編: では、制作にあたっては自身の原体験を改めて見直す作業が必要だった?
鯉沼氏: 昔読んだ原作を読み直すとか色々振り返りました。ちょっと話が脱線しますが、私はリアルタイムで漫画連載を読んでいた世代なんですけど、開発の現場は年がもっと下の人もいますし、それこそ連載開始当初にはまだ生まれていないといった人もいます。原作のスタートは26~27年前。自分自身もそうですけど、アニメ世代の子や「『北斗の拳』って何?」てスタッフにもまずはきっちりと原作を読ませて、というところから始めました。
編: ご自身は熟知されていても、開発チームの若い子たちは勉強が必要だったと……。
鯉沼氏: 「ガンダム」を手がけた際もそうだったのですが、「ガンダムSEED」は知ってるけれど、ファーストになると全然わからないスタッフもいる。そこでまずは共通の話題にするために原作を読ませるところから始めていますね。
編: 「北斗の拳」の場合、開発チームのために揃えた資料は、単行本やアニメDVDなどですか?
鯉沼氏: それだけではなく、今は外伝、ラオウ伝とかトキ伝なども出ていますので、そういった関連する作品も全部用意して読んでもらいました。
編: 今回は、原先生と武論尊先生が手がけた原作コミックスの範疇がゲーム化されているんですよね?
鯉沼氏: そうです。基本的には、原作者の原先生と一緒にやりましょう、というところから始めた企画ですので、原作ベースで作り上げました。
編: ストーリーモードの「伝説編」は、主人公ケンシロウのストーリーが1本の太い幹になっている。そして、他のキャラクターのエピソードが枝葉のようになっていて、それぞれ時系列で楽しめる。全体としては、ラオウとの決着でひとまとまりになっています。「北斗の拳」は長期連載作品でしたが、そこで切る(まとめる)と決めた理由は?
鯉沼氏: 当時原作を読んでた人からすると、ラオウは昇天したいでしょう? というか(笑)。ただ単純に、そこまでは入れたいと思いました。

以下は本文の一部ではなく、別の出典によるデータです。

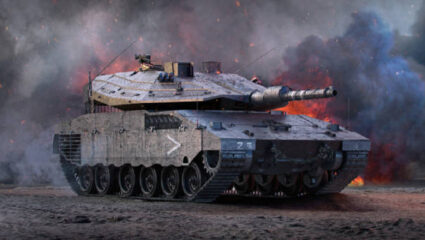 World War 3: जगाचे दिवस भरले! Israel ने थेट…; मृत्यूच्या तांडवात तब्बल 19 जण ठार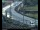 Webcam in Dresde, 0.4 km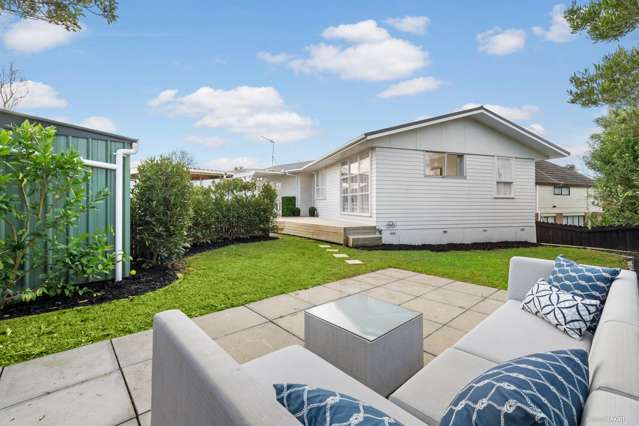 1/20 Gossamer Drive Pakuranga Heights_2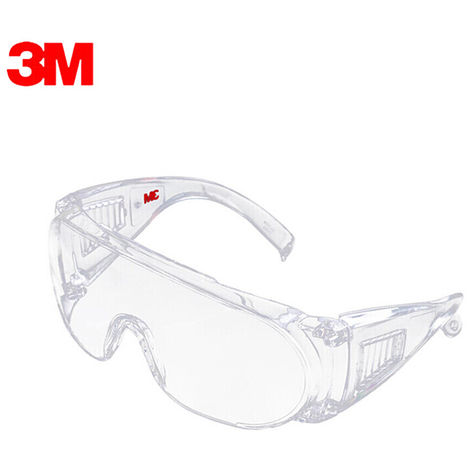 4916 Schutzbrille Schutzbrille  Flexibel  Windproof Anti-Staub Camping Cover Für 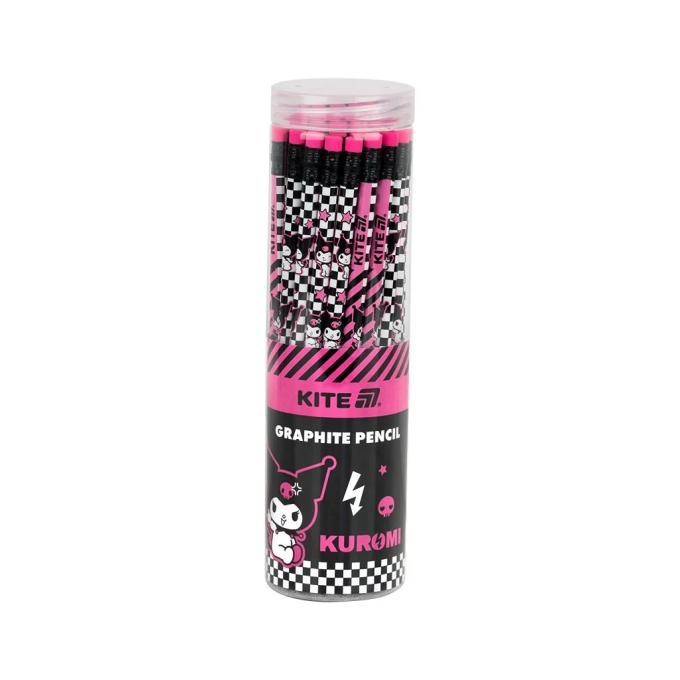 Kite HK25-056-2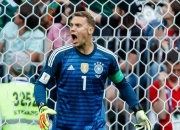 开云体育-德国遭遇惨败，球迷呼吁改革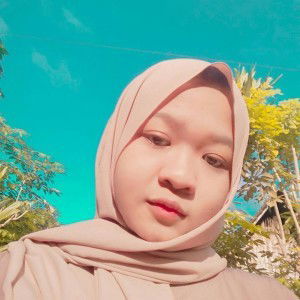 Ajeng Sari Zamiyanti profile icon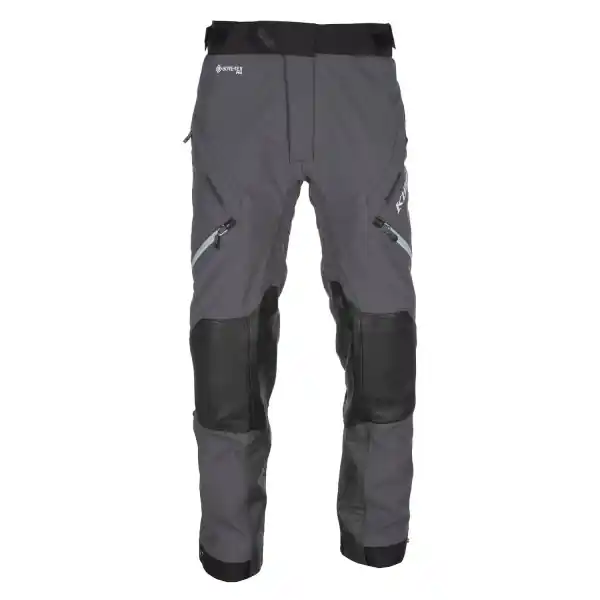 Vezi acum Pantaloni Klim Kodiak 56 Dress Blues - Red Oxide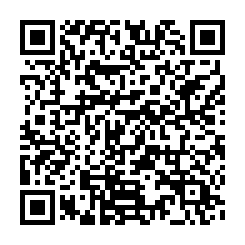台灣房屋7+1特許加盟店 九如店 (七加一不動產仲介經紀有限公司)-QR CODE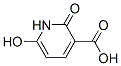 2,6-ǻṹʽ_10357-91-2ṹʽ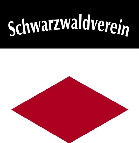 Logo72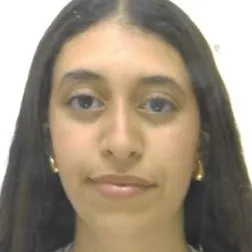 Rihab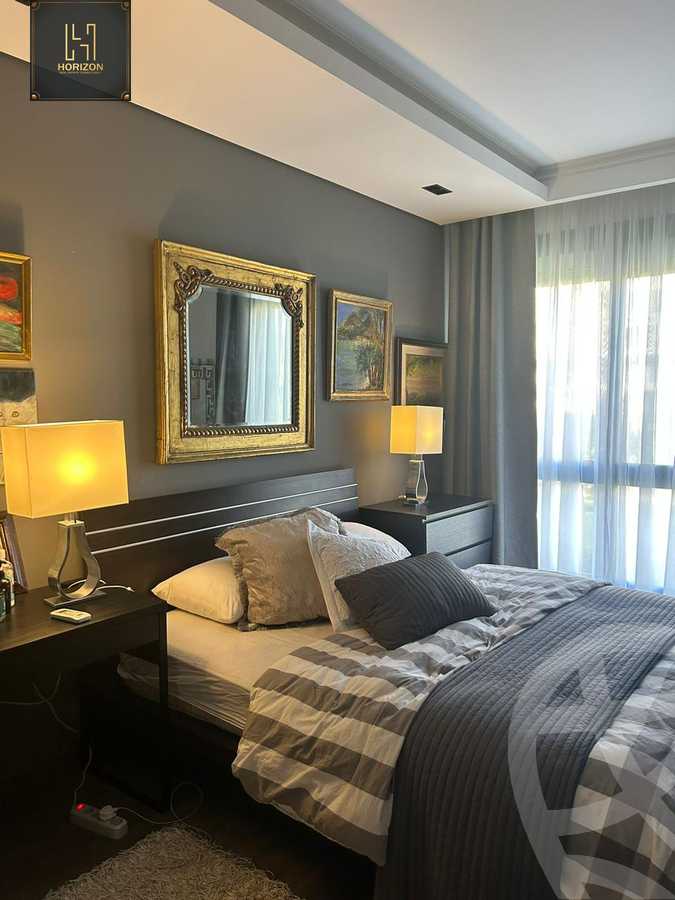 https://aqarmap.com.eg/en/listing/4344249-for-rent-eastown-parks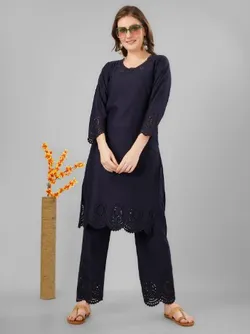 SHOP_BY_CATEGORY_KURTA_SET___Zamzamlibas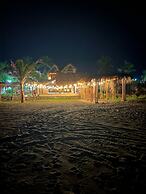 Mare Mio Hotel Boutique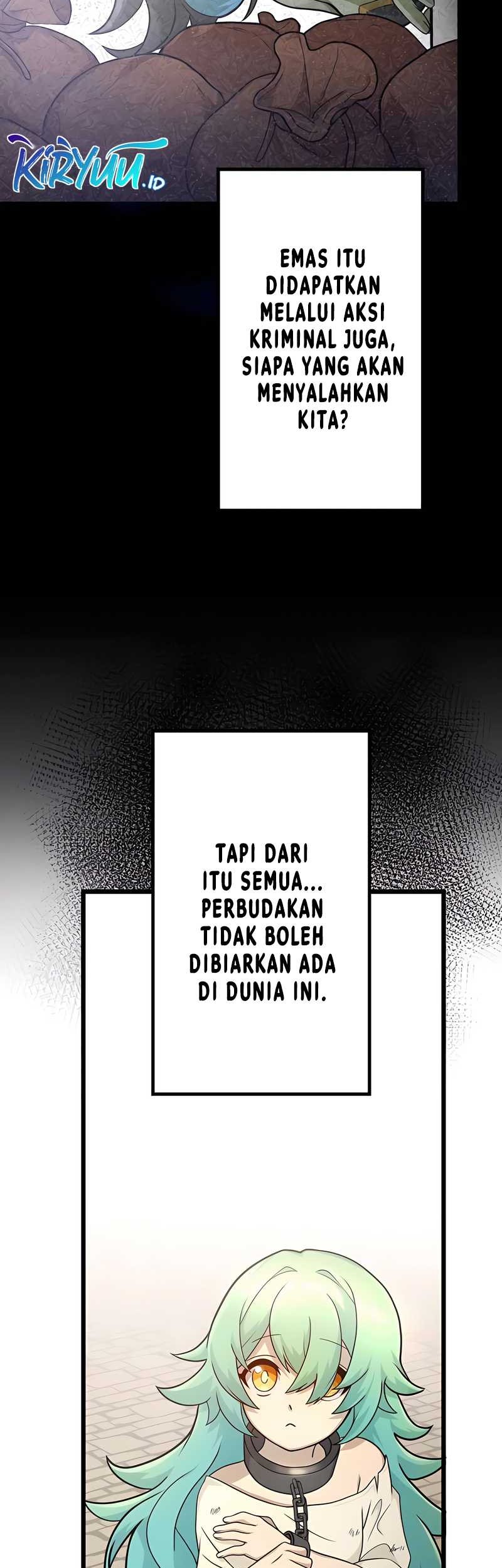 Halaman 14 dari 53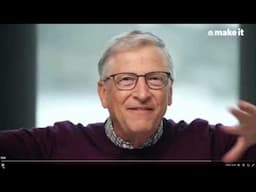 Will Bill Gates Snatch Up TikTok?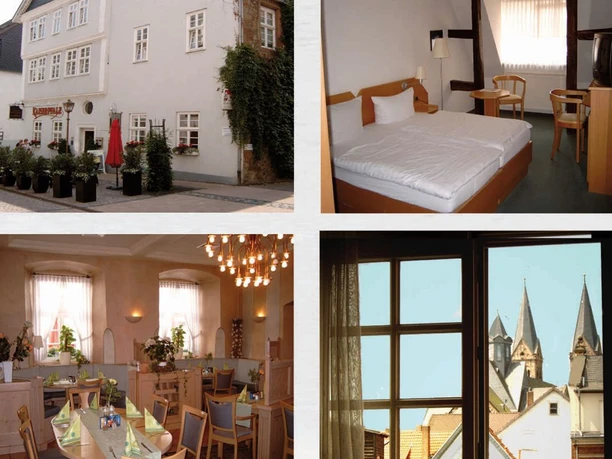 Hotel-Café-Restaurant Kaiserpfalz (1).jpg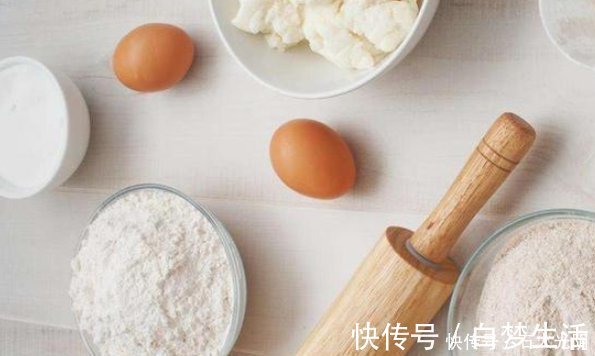 最受欢迎的面食，不是馒头包子，做它家人次次都嫌做得少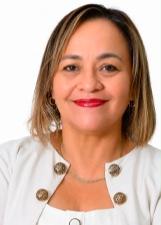 Foto de VANIA CARVALHO DOS SANTOS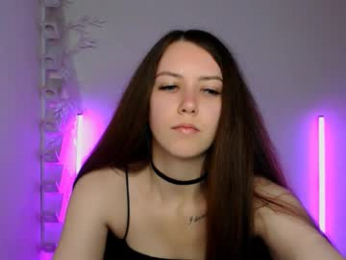 jewelrosse webcam model stream image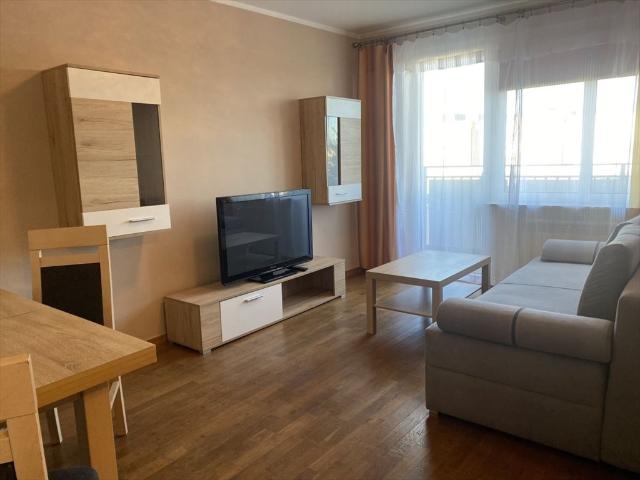 Mieszkanie do wynajęcia w Radom, Mazowieckie
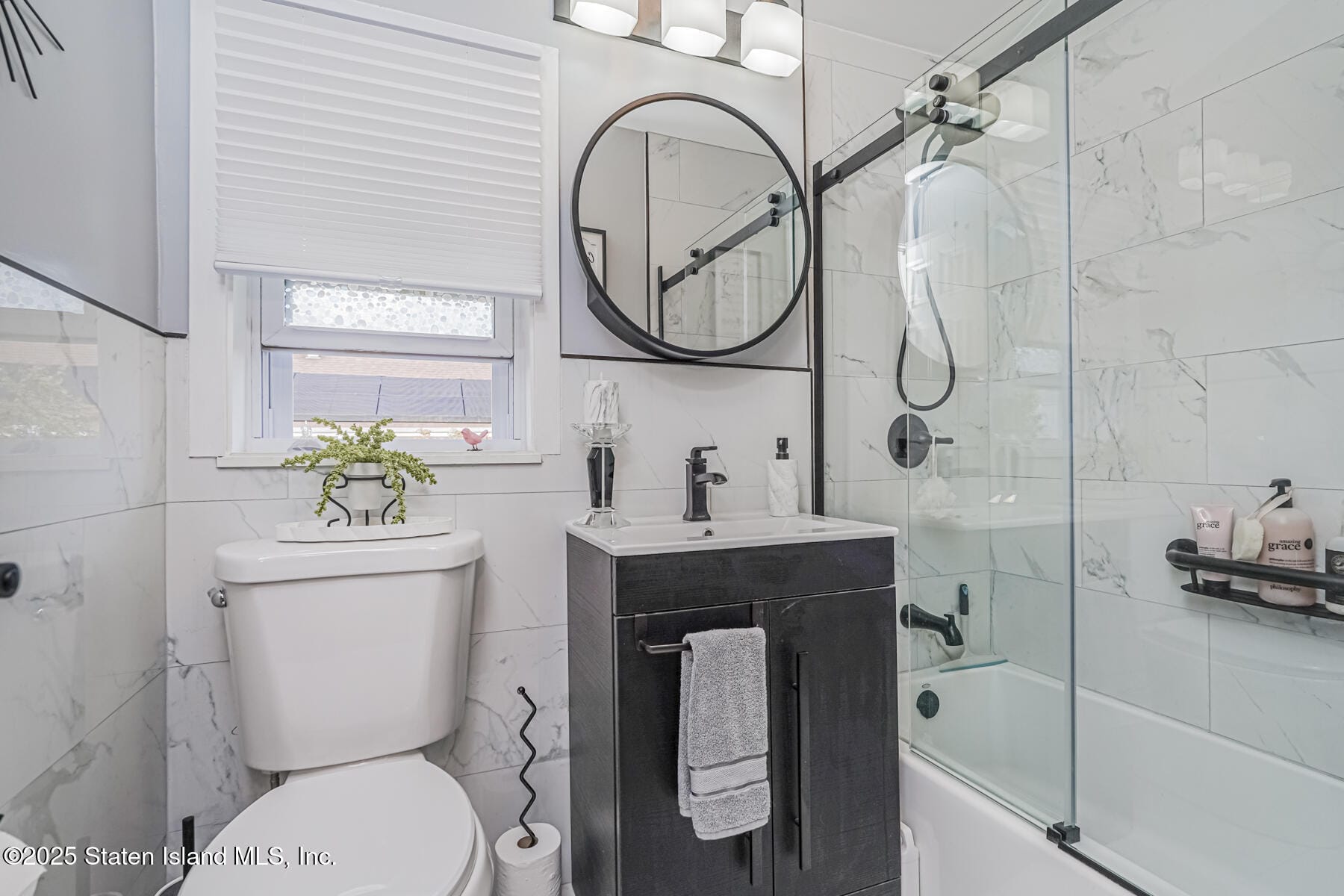 71 Cameron Avenue, Staten Island, NY, 10305 image 13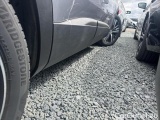  Peugeot  3008 1.6 HYBRID 225 E-AUTO ACTIVE PACK #17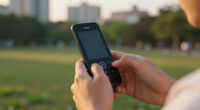 Nokia Design Archive (2025)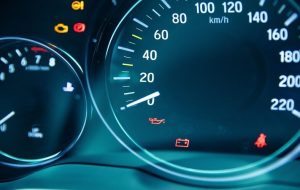 نشانگرهای روغن از این پس دقیق‌تر عمل می‌کنند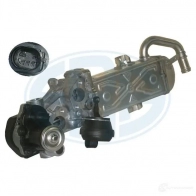 Клапан EGR ERA 555374A 1437402483 4H 85T - Изображение 7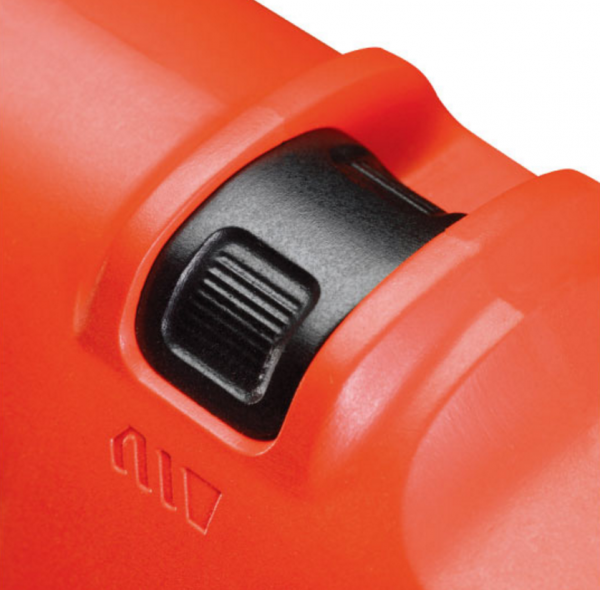 Black+Decker KR504 Matkap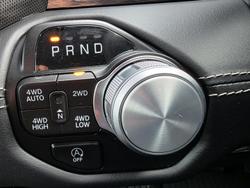 2023 RAM
                1500 Limited RamBox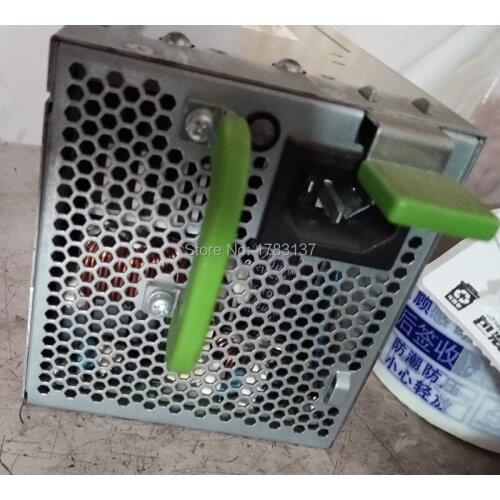 DPS-800GB-5 A 800W Server power for Fuji PS300-D2619 tested working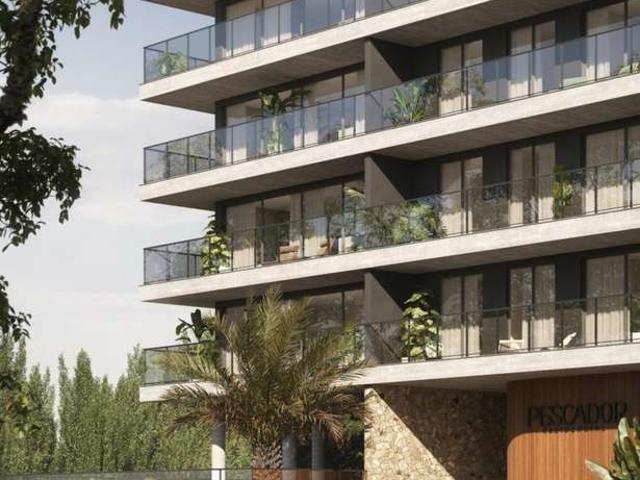 Apartamento venda em Região Geográfica Imediata de Araranguá, Passo de Torres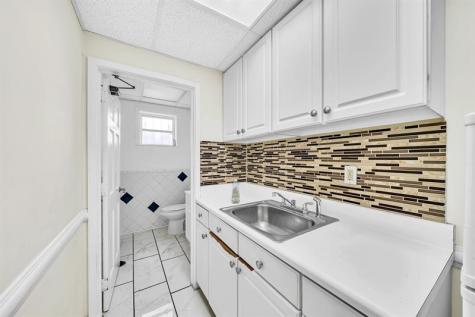 1100 NW 54th Street Fort Lauderdale FL 33309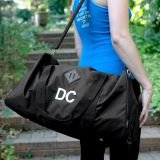 embroidered-black-sports-duffle-bag-1.jpg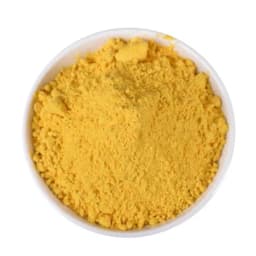 Яйцо куриное (желток сухой)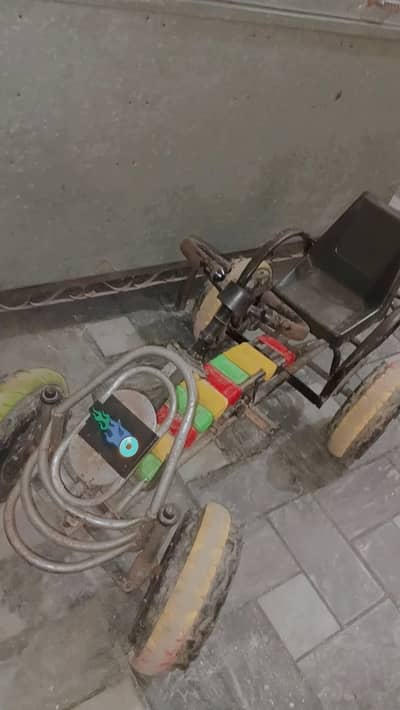 kids cycle for sale
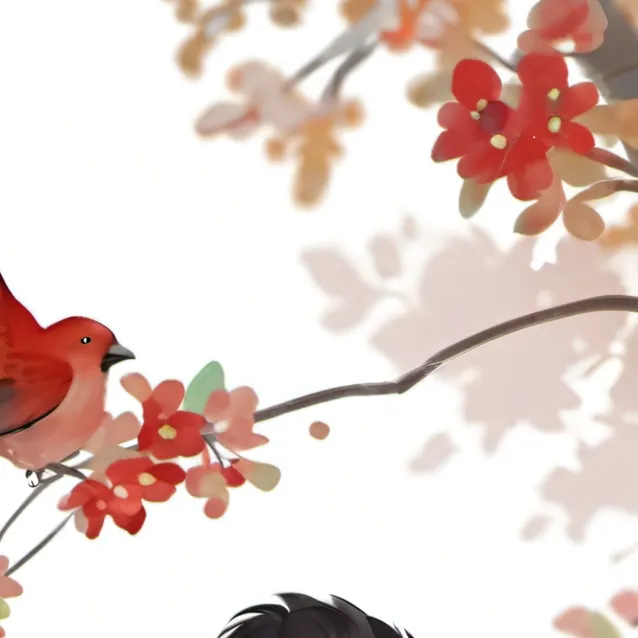 chat with ai character: federico 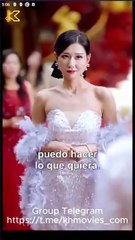 Divorcio Tras El Parto en español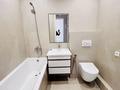 2-комнатная квартира · 42 м² · 2/9 этаж, Е511 за 27.5 млн ₸ в Астане, Есильский р-н — фото 2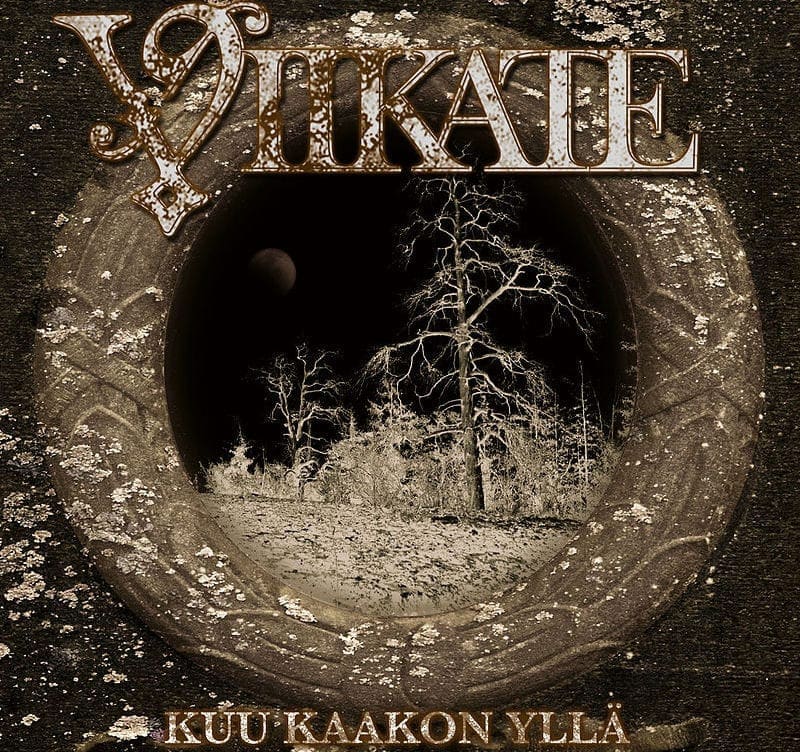Kuu_kaakon_ylla - Soundi.fi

編: 私もリアルタイム世代ですから、当時毎週原作を読んでいて「あぁ、ラオウが死んじゃった!」といったインパクトがありました。ただ、今の世代は単行本でまとめて読むから「なんでここ? もっと先まであるじゃん」といった意見が、若い子から出てもおかしくないような気もします。
鯉沼氏: ラオウ昇天までというのは現場のスタッフからも異論はありませんでした。どうなんでしょうね。私は毎週連載を読んでいて、ラオウが昇天したときに一段落的な意味で終わった感がありました。実際はそのあとすぐ第2部になった訳ですけれども、まずは「そこまでは、まずやろうよ」という感じで、特に異論は出なかったですね。ラオウ昇天までのストーリーは、結局「北斗4兄弟」の話じゃないですか。あとは南斗のからみというところで。ストーリーを決める上で、大きな節目がそこにあった、というのが大きな理由です。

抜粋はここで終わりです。